◆ Exercise details
Repeat the data word for word, excluding every picture.

◆ Source data
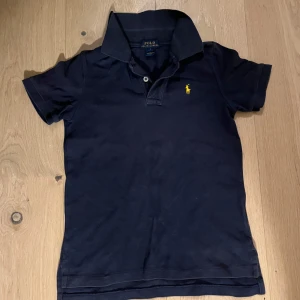 Mörkblå pikétröja från Ralph Lauren - Säljer en klassisk mörkblå pikétröja från Ralph Lauren med korta ärmar och den ikoniska gula broderade logotypen på bröstet. Perfekt för en stilren och avslappnad look. Tröjan har en krage och knappar framtill.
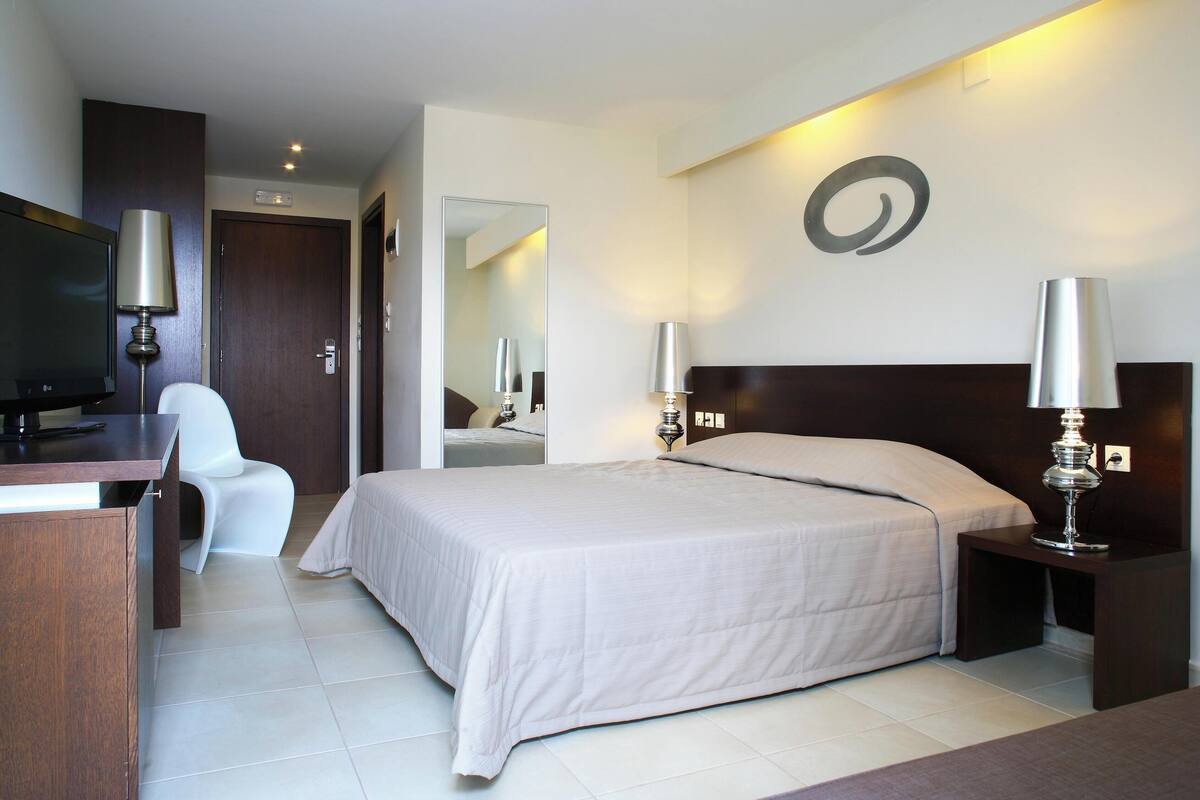 A hotel room with a bed, a desk, a chair, a TV, and two lamps.
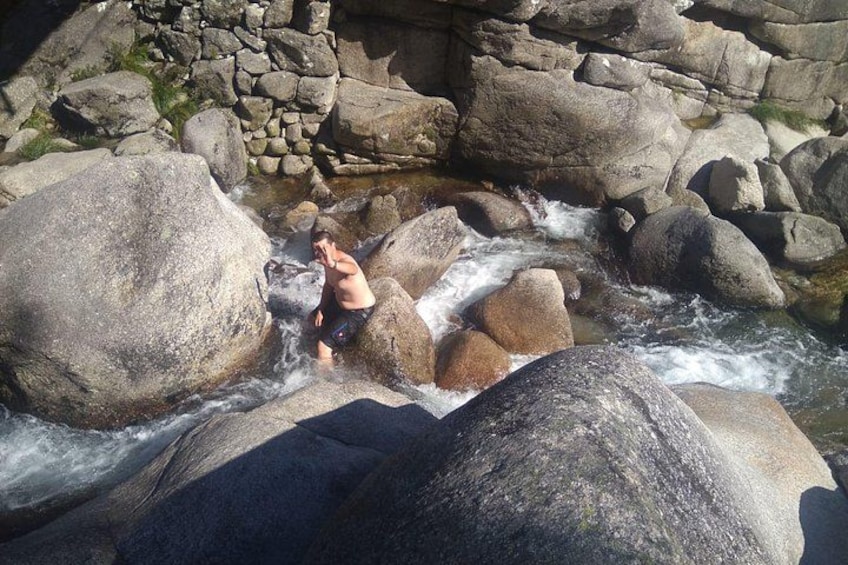 Une personne se tient sur des rochers, au bord d’une rivière. 4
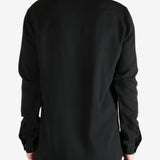 Black shirt worn by a person, showing the shirt's fit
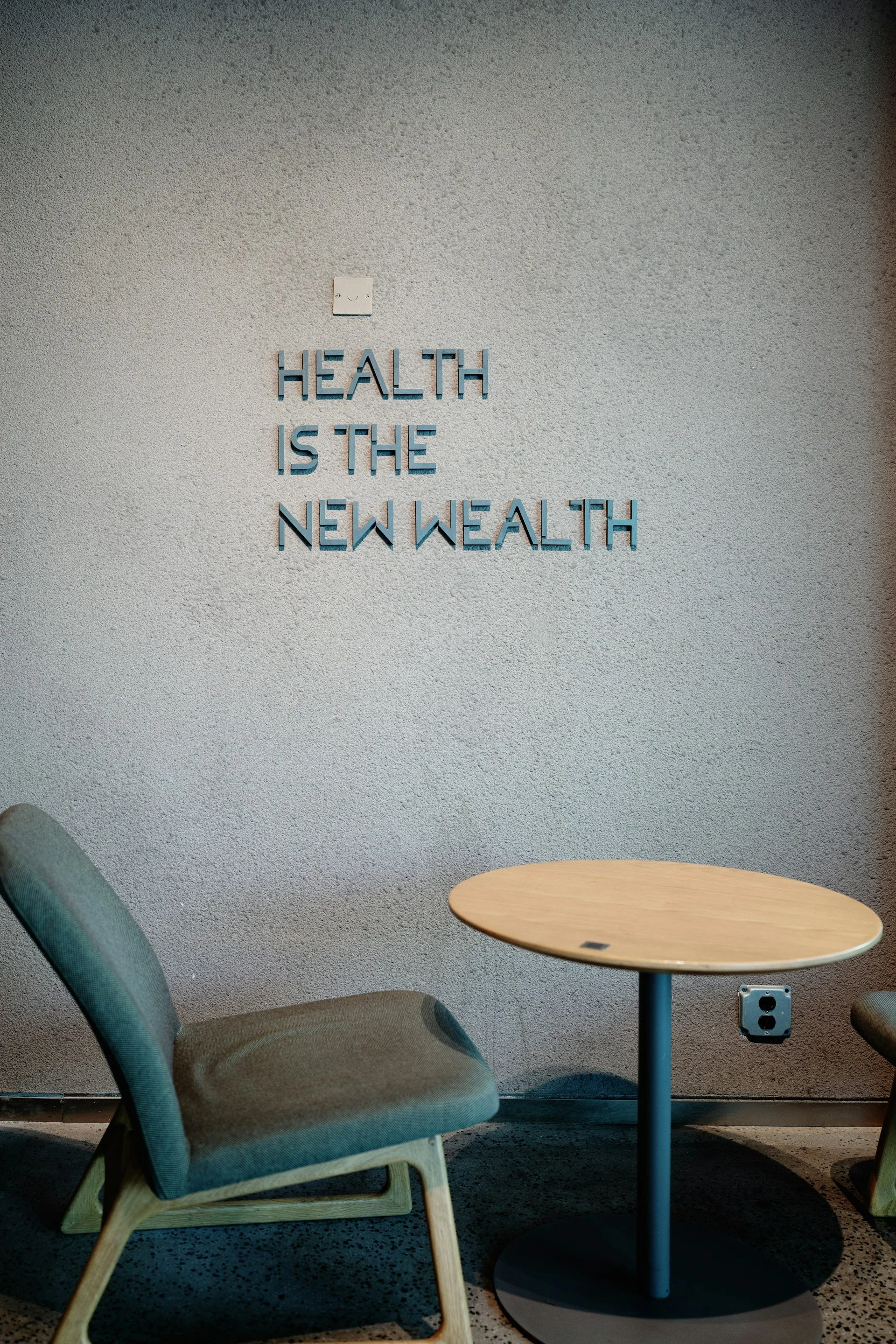 Ein grauer Sitzstuhl und ein runder Holztisch vor einer Wand mit einem Zitat auf Englisch: 'Health is the new wealth'.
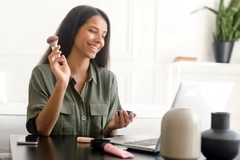 Image A woman putting makeup on in front of her computer.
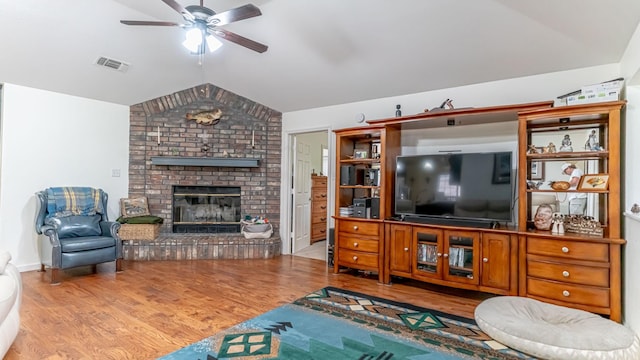 living area featuring wood finished floors, vaulted ceiling, ceiling fan, a brick fireplace, and visible vents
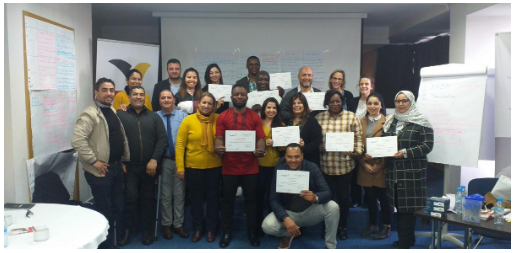 People facing the camera standing holding a certificate. 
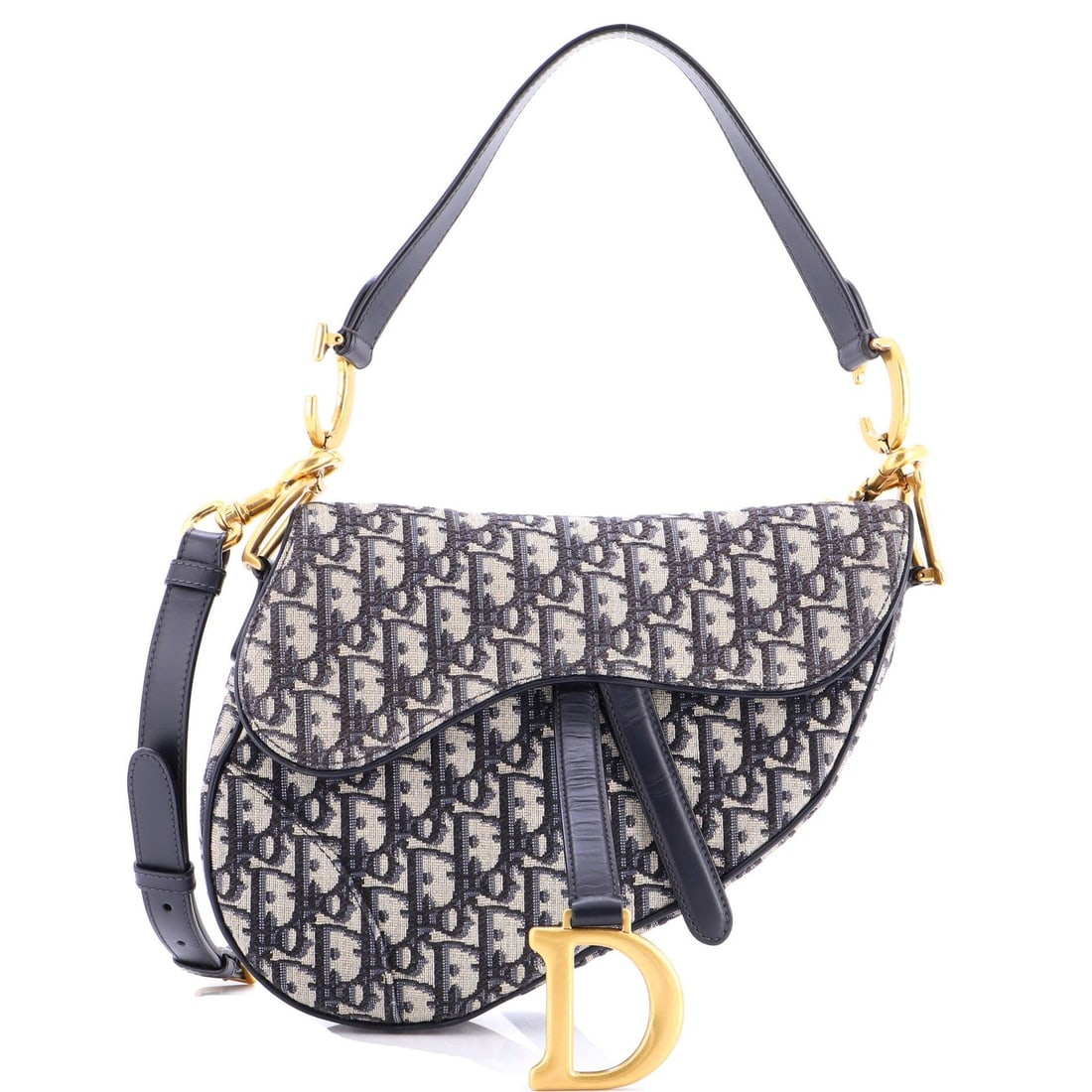 Dior Saddle Bag Canvas Strap: Dior Saddle Bag Canvas Strap The Dior Saddle Bag Canvas Strap features a striking blue canvas exterior with oblique design and gold hardware. Measuring 8" in height, 9.5" in width, and 3" in depth,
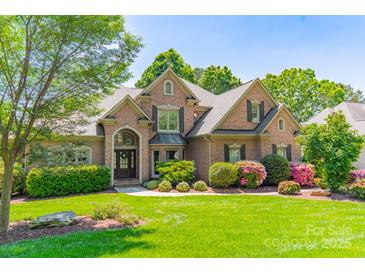 Beautiful brick home featuring professional landscaping and a welcoming front lawn at 13358 Bally Bunnion Way, Davidson, NC 28036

◆ Response area
 Mörkblå pikétröja från Ralph Lauren - Säljer en klassisk mörkblå pikétröja från Ralph Lauren med korta ärmar och den ikoniska gula broderade logotypen på bröstet. Perfekt för en stilren och avslappnad look. Tröjan har en krage och knappar framtill.
 A hotel room with a bed, a desk, a chair, a TV, and two lamps.
 Une personne se tient sur des rochers, au bord d’une rivière. 4
 Black shirt worn by a person, showing the shirt's fit
 Ein grauer Sitzstuhl und ein runder Holztisch vor einer Wand mit einem Zitat auf Englisch: 'Health is the new wealth'.
 Image A woman putting makeup on in front of her computer.
 living area featuring wood finished floors, vaulted ceiling, ceiling fan, a brick fireplace, and visible vents
 People facing the camera standing holding a certificate. 
 Dior Saddle Bag Canvas Strap: Dior Saddle Bag Canvas Strap The Dior Saddle Bag Canvas Strap features a striking blue canvas exterior with oblique design and gold hardware. Measuring 8" in height, 9.5" in width, and 3" in depth,
 Beautiful brick home featuring professional landscaping and a welcoming front lawn at 13358 Bally Bunnion Way, Davidson, NC 28036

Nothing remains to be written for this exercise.